[Saved data entries]

>>>>

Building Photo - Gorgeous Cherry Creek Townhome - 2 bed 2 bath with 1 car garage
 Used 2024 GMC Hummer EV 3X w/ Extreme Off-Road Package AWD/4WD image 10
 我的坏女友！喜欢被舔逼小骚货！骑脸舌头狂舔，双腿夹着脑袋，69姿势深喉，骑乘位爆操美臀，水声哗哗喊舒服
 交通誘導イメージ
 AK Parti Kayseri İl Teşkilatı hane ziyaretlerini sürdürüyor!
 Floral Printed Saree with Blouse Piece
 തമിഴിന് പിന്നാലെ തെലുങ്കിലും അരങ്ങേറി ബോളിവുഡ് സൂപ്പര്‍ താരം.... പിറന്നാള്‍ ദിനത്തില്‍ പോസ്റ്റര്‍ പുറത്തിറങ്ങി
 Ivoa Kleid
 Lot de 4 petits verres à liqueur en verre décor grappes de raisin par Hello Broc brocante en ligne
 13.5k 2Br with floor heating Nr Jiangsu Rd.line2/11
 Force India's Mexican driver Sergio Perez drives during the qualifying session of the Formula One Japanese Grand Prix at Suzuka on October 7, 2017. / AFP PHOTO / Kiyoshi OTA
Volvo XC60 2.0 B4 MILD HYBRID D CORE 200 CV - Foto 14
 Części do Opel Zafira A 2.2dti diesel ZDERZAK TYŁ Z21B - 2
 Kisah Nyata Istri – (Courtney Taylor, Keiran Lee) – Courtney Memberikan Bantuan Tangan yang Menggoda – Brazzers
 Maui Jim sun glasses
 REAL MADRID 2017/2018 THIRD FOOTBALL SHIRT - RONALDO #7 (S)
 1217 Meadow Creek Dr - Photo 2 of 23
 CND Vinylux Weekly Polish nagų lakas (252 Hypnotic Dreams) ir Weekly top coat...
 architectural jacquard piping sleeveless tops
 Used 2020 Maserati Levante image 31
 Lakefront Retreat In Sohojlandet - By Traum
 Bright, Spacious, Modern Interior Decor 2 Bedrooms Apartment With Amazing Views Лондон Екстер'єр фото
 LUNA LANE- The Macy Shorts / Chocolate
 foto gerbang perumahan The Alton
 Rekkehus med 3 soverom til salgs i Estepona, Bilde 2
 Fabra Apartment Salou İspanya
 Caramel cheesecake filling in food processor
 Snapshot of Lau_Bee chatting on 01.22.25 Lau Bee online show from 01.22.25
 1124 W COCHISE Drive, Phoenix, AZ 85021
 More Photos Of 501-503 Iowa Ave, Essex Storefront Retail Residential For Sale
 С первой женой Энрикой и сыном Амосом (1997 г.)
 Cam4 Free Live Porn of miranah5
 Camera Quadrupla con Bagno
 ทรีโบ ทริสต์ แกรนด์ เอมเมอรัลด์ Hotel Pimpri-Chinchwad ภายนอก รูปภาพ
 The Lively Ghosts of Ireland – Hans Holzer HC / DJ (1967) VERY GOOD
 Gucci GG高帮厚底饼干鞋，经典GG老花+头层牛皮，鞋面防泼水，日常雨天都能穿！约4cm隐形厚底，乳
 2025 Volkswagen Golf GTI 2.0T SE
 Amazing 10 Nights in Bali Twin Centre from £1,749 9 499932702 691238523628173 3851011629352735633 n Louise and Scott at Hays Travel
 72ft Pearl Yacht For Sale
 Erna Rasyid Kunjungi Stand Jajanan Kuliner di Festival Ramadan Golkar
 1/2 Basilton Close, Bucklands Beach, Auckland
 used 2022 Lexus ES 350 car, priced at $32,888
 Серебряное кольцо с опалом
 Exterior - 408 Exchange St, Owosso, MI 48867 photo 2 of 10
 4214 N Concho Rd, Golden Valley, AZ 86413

<<<<

Assignment —
Your answer should hold exactly the lines from the one containing "1/2 Basilton Close, Bucklands" through the end of the entries above, and nothing else.

Reply —
 1/2 Basilton Close, Bucklands Beach, Auckland
 used 2022 Lexus ES 350 car, priced at $32,888
 Серебряное кольцо с опалом
 Exterior - 408 Exchange St, Owosso, MI 48867 photo 2 of 10
 4214 N Concho Rd, Golden Valley, AZ 86413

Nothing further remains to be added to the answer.